Parliament formed an independent commission of inquiry, as did a consortium of NGOs. Both were allowed unrestricted access to the town and witnesses. The NGO consortium charged that police did use excessive force but found no conclusive evidence of rapes or killings. Other activists insisted, however, that some rapes did occur, but the victims did not feel comfortable testifying before officials. The parliamentary commission submitted its report to the legislature's leadership, and it was released to the public on December 18. The regional police commander in charge of operations in Sidi Ifni was relieved of duty.

2. Respect for Civil Liberties, Including:

a. Freedom of Speech and Press

The law generally provides for freedom of speech and of the press, although criticism of Islam, the monarchy, and territorial integrity (including the issue of Western Sahara) was not permitted. While the government generally respected these rights in practice, during the year freedom of the press remained restricted. The press reported on previously restricted subjects, including military, security, palace affairs, activities of human rights organizations, and even on the Western Sahara.
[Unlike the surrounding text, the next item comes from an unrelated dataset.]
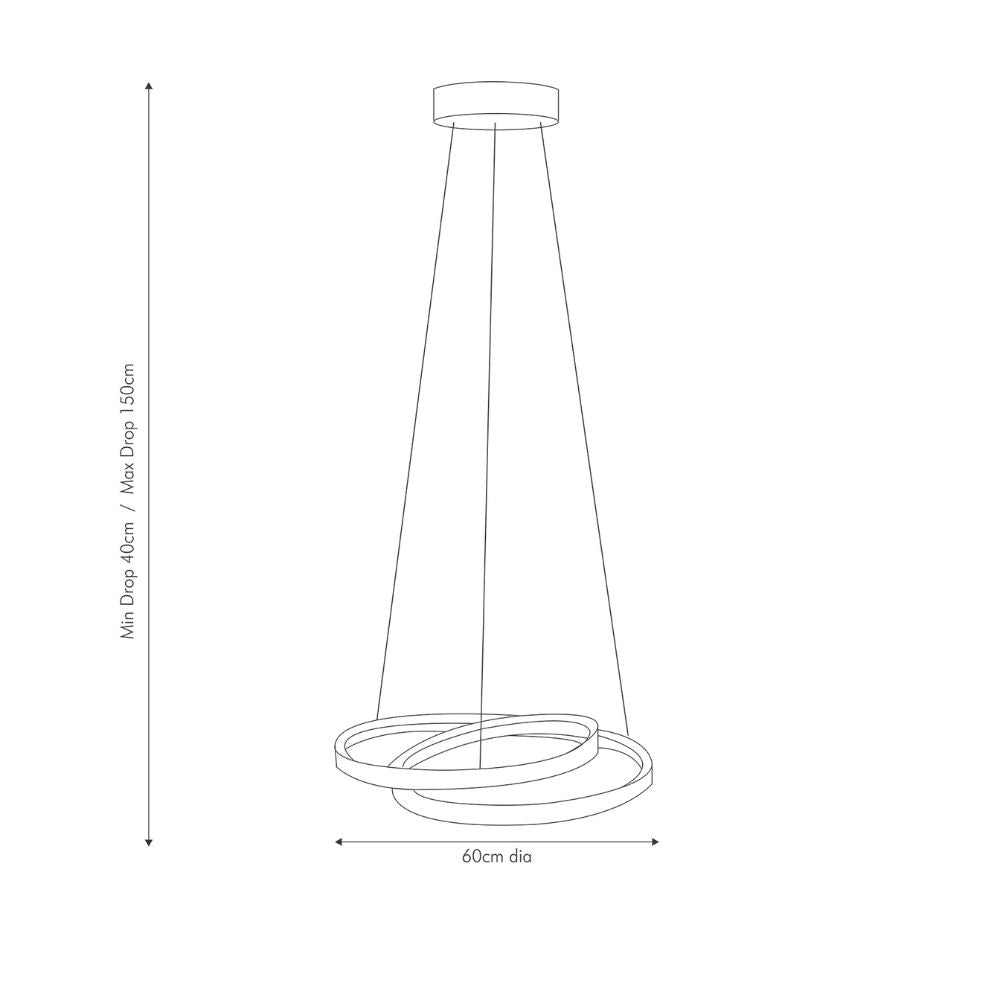 Neptune Grey LED Ring Pendant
There were several arrests for public or Internet expression. However, following conviction and pressure from local and international activists, the individuals were released. On February 22, engineering student Fouad Murtada was convicted by the Casablanca Court and sentenced to three years in prison on charges of identity theft. He created a page on the social networking site Facebook purporting to be that of Prince Moulay Rachid, brother of King Mohammed VI. Murtada stated that he created the page as a joke. After widespread protests in Morocco, the king pardoned him on March 19.

On September 4, blogger Mohammed Erraji was arrested on charges of insulting the king under article 41 of the press code for posting a blog entry entitled "King encourages dependency on handouts." He was sentenced to two years in prison by the Agadir court and fined 5,000 dirhams ($538) on September 8. On September 18, an appeals court overturned his case on procedural grounds and released him.
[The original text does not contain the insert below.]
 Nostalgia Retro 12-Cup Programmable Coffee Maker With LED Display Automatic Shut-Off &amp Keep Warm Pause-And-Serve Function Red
On October 21, high school student Yassin Belaasal was sentenced to one and one-half years in prison on charges of insulting the king. He had rewritten the country's motto on a blackboard to read "God, Country, Barca" (for the popular Spanish football club FC Barcelona), instead of "God, Country, King." He was released on his own recognizance pending his appeal. The court upheld the conviction on November 12 but reduced the sentence to one year and suspended it. Activists criticized the government for violating Belsaal's right of free expression, while the government stated that he had written other, even more insulting, comments about the king's father on the blackboard.

In 2007 one case of withholding sources of information in a sensitive national security matter resulted in a prison sentence, at least three in suspended sentences, and five in fines. The rest were pending at year's end. None led to an acquittal.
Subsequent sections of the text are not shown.